Monday, June 29, 2015

Krugman: Greek Voters Should Vote "No" on Bankster Referendum

Paul Krugman commentary actually makes some sense on the July 5th Greek referendum, where voters will vote on whether to accept the most recent bailout/austerity package proposed by European banksters:
I would vote no..the political implications of a yes vote would be deeply troubling. The troika clearly did a reverse Corleone — they made Tsipras an offer he can’t accept, and presumably did this knowingly. So the ultimatum was, in effect, a move to replace the Greek government. And even if you don’t like Syriza, that has to be disturbing for anyone who believes in European ideals.
And in his column today, he has this beautiful first line:
 It has been obvious for some time that the creation of the euro was a terrible mistake.
And this:
[T]he Greek government should be ready, if necessary, to leave the euro.
And more clearly on the last bankster proposal to Greece:
 This is, and presumably was intended to be, an offer Alexis Tsipras, the Greek prime minister, can’t accept, because it would destroy his political reason for being. The purpose must therefore be to drive him from office, which will probably happen if Greek voters fear confrontation with the troika enough to vote yes next week.
Of course, the Krugman ideal would be a Greek government that goes and merrily prints up new drachma to solve all its problems.
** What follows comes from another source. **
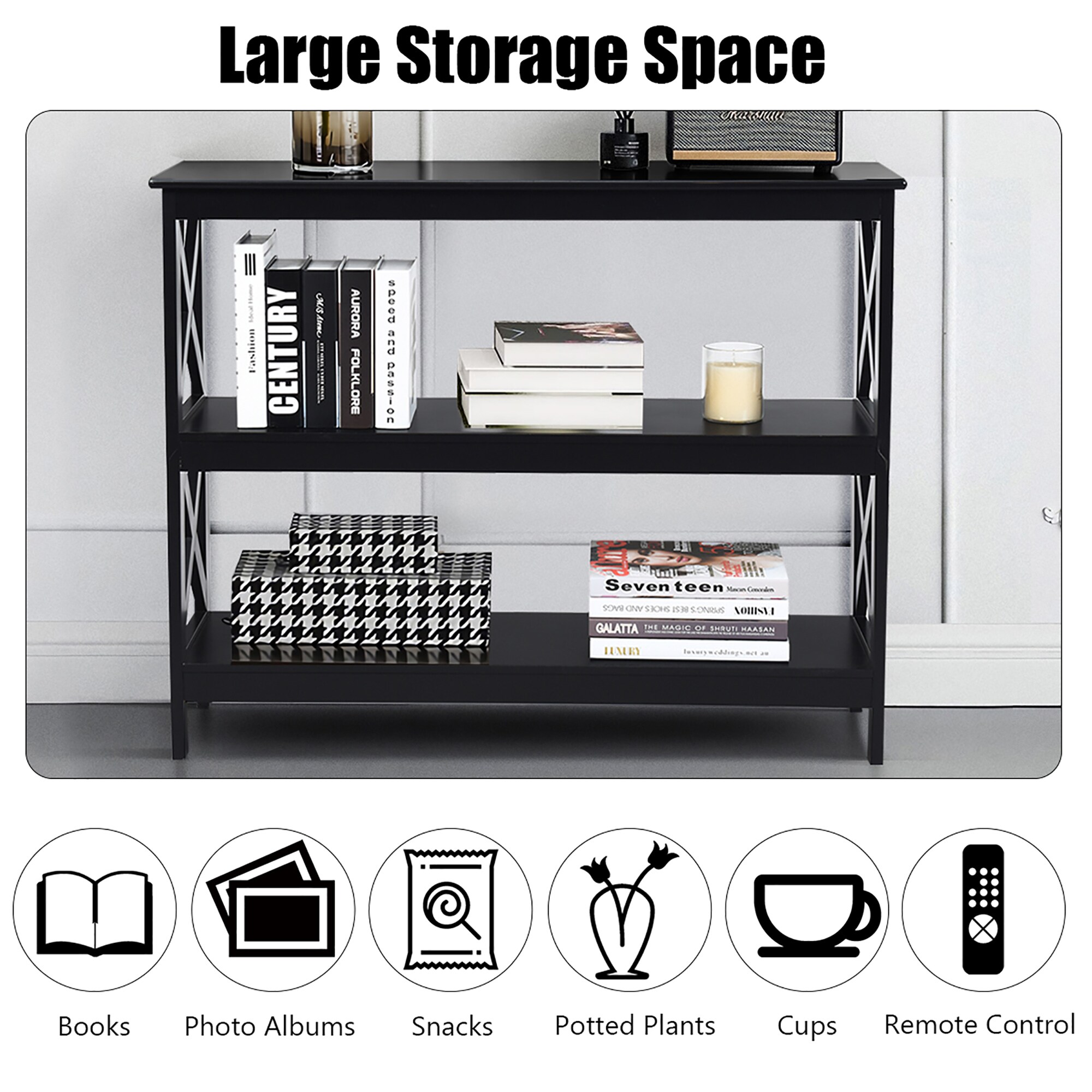 Costway SXL00126 Console-Sofa-Tables - View #4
That's jumping from the bankster fire into the Zimbabwe fire.

That said, Greece leaving the euro is not a bad thing. In fact, it would be great if a fiscally responsible government was in charge in Greece that would also remove the suffocating regulations on the economy and run a sound monetary policy, but that is not the case. When the choice is bankster austerity oppression or radical leftist government interventions, any way the Greeks go they will suffer and suffer tremendously.
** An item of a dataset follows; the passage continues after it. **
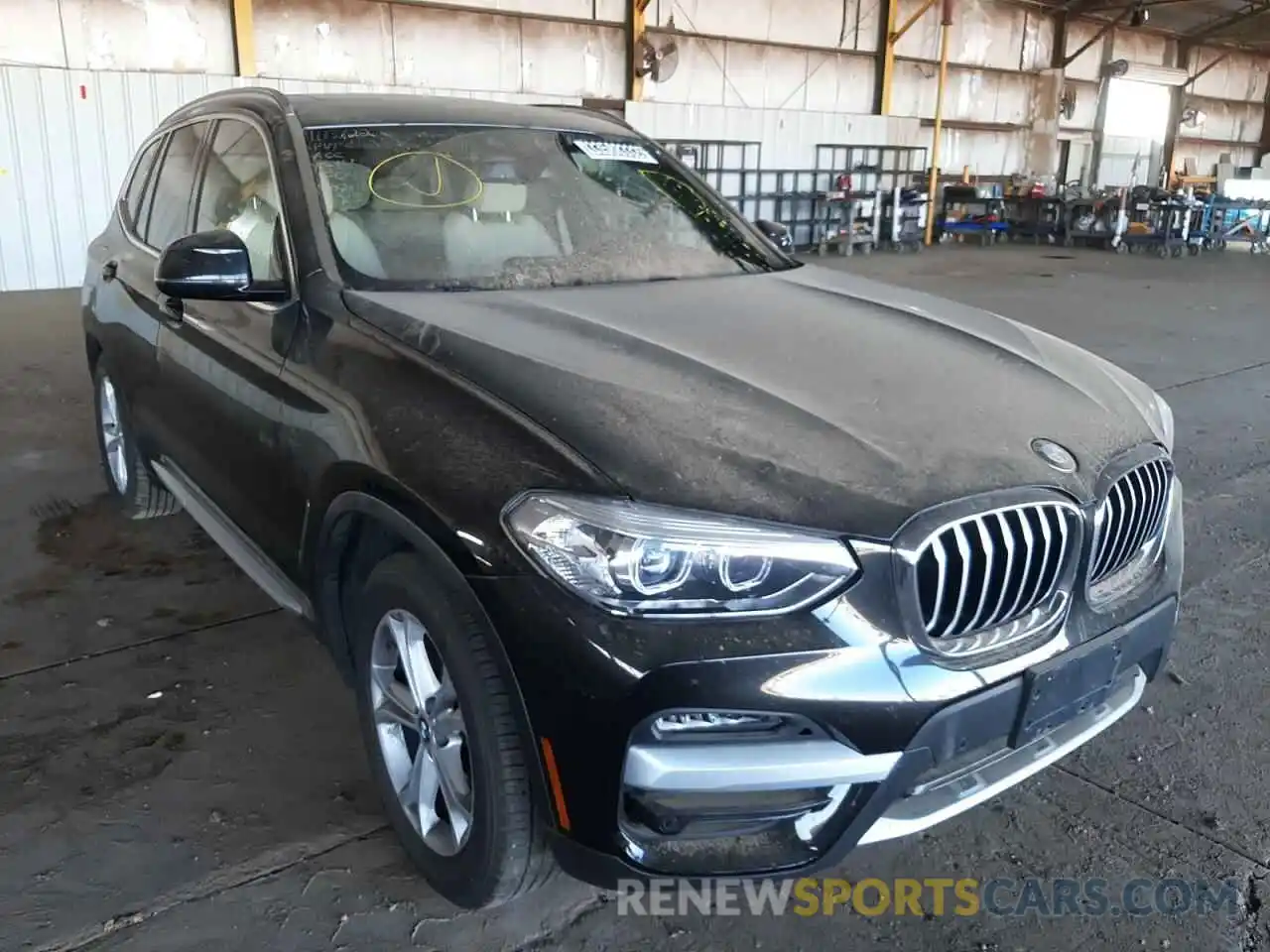 1 Photograph of a damaged car 5UXTY3C08M9H40451 BMW X3 2021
  1. Greece will be on Euro life support as long as it stays.

  2. Same dog different fleas. The Greeks will never be free from their own stupidity. Leaving the Euro won't change that.

  3. Sadly, it would have been far better had the Greeks voted NO much earlier, before their politicians and government went on a drunken spending spree (mostly to over-hire and overpay government employees, amongst other irresponsible financial policies).